#### TASK STATEMENT:
The answer should be the exact lines from the line containing "Sweatshirts & Hoodies" through the last line of the material below, with no pictures.

<<<<

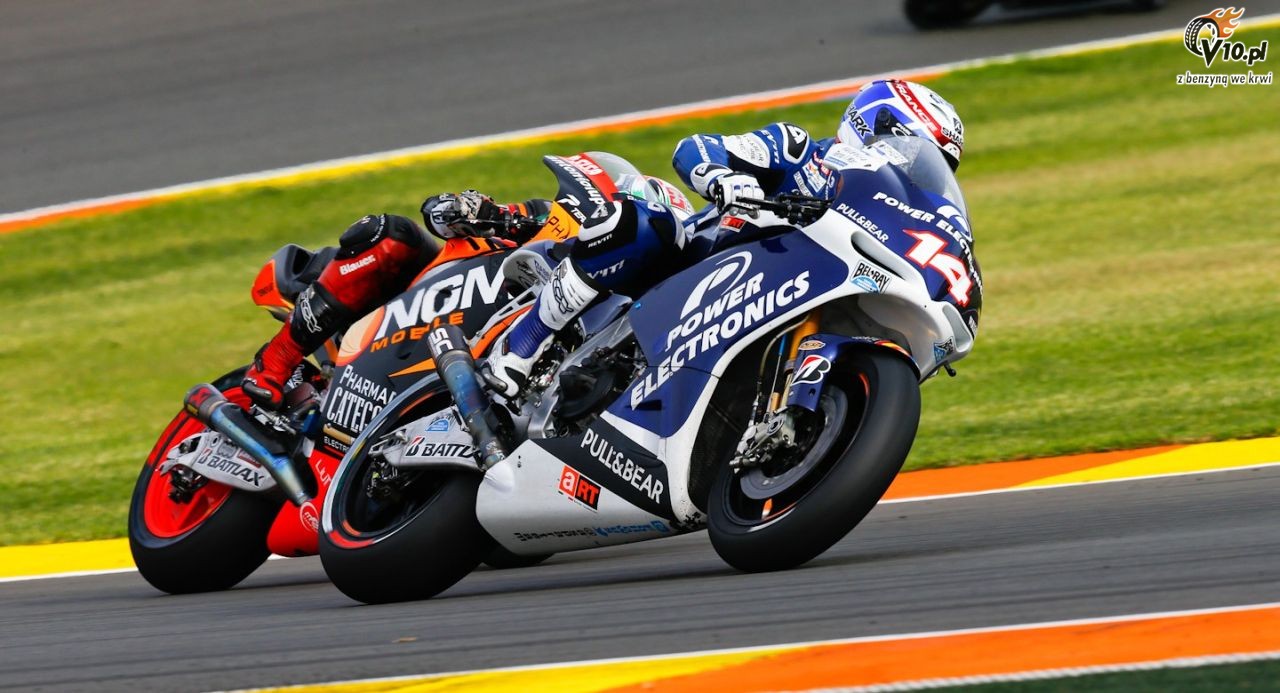 MotoGP - GP Walencji 2013
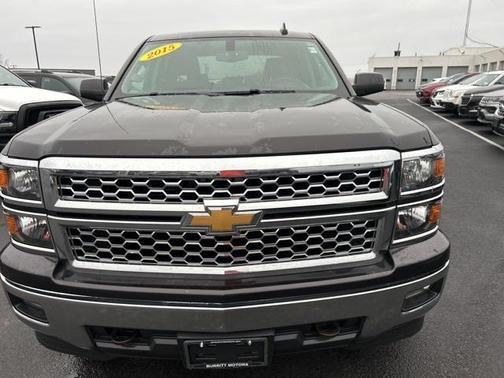 2015 Chevrolet Silverado 1500 LT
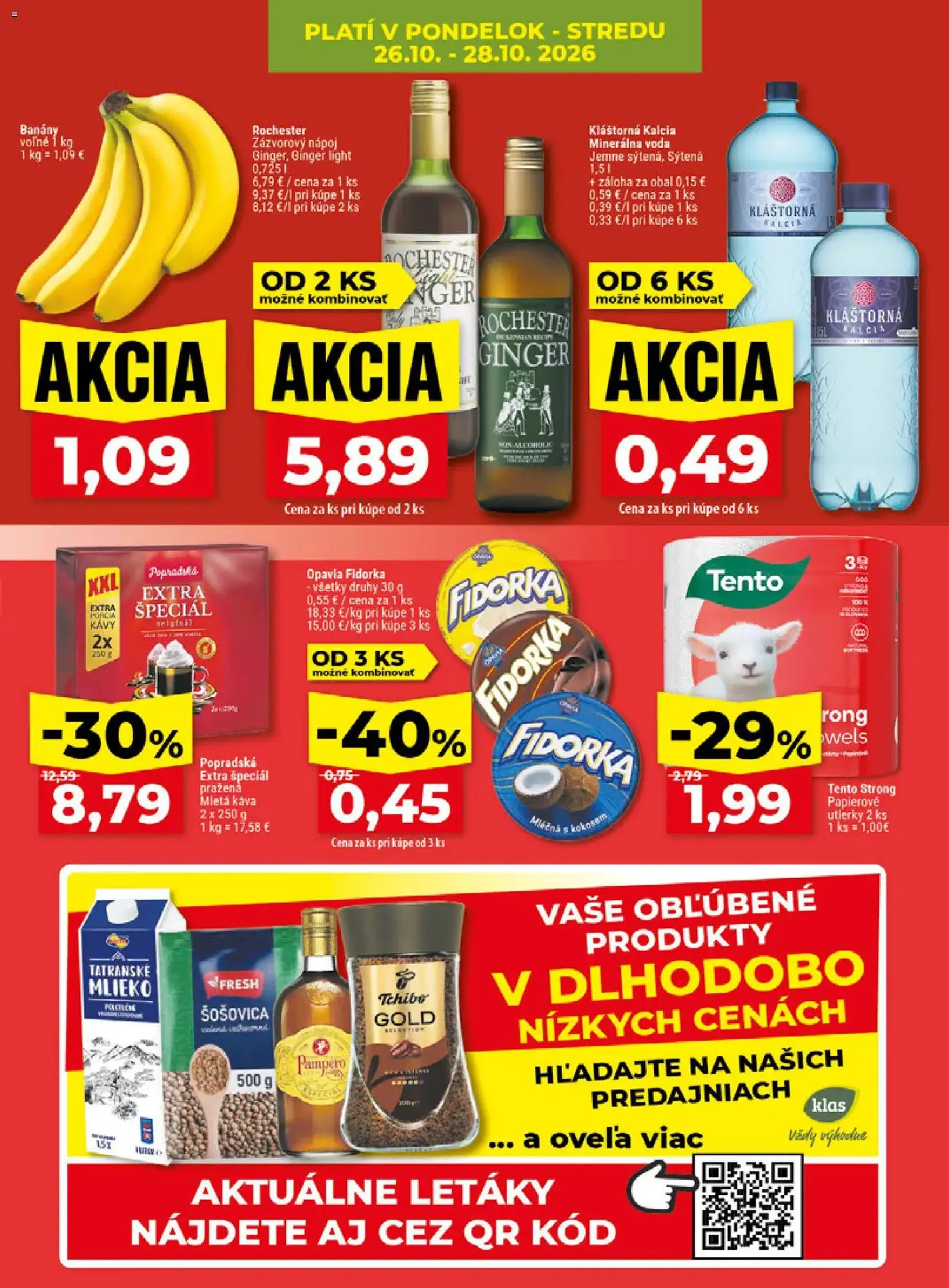 Klas leták - platný leták od 26.10.2026 strana 5 z 25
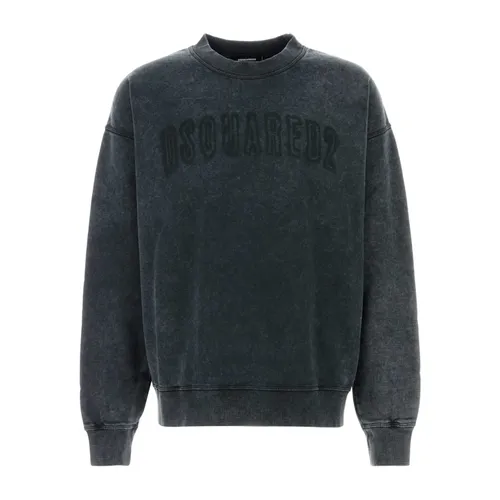 Sweatshirts & Hoodies > Sweatshirts - - Dsquared2 - Modalova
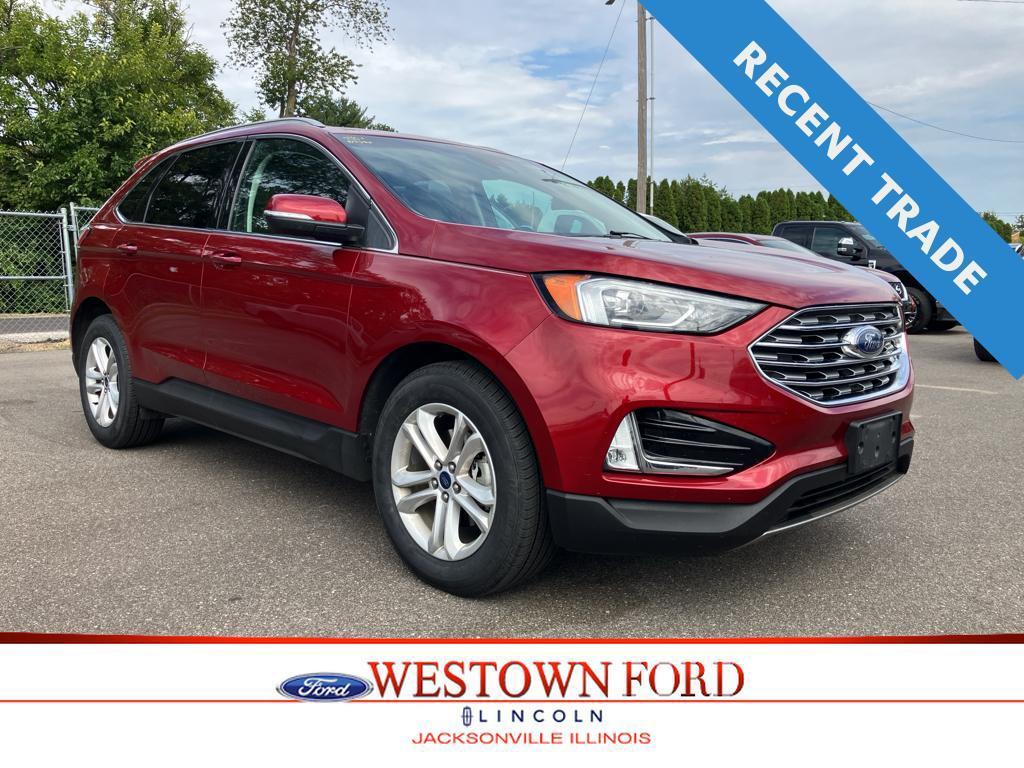 used 2019 Ford Edge car, priced at $16,599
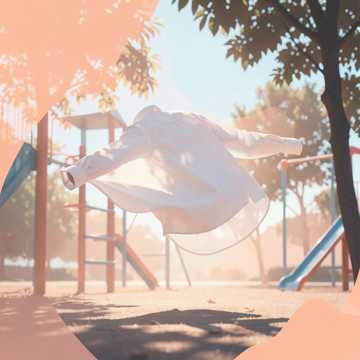 白衬衫的夏天
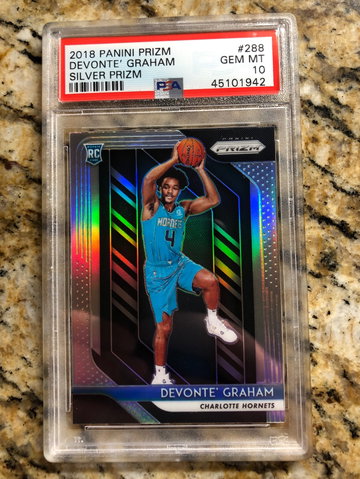 Devonte Graham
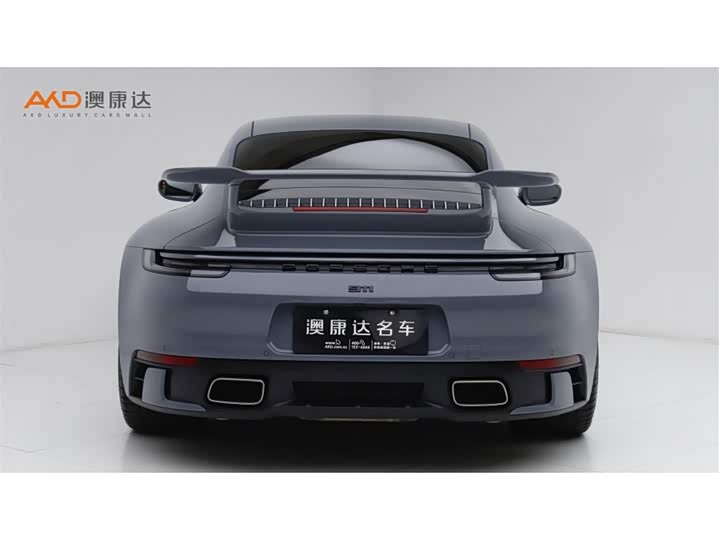 Фото 4 - Porsche 911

>>>>

#### COMPLETED TASK:
 Sweatshirts & Hoodies > Sweatshirts - - Dsquared2 - Modalova
 used 2019 Ford Edge car, priced at $16,599
 白衬衫的夏天
 Devonte Graham
 Фото 4 - Porsche 911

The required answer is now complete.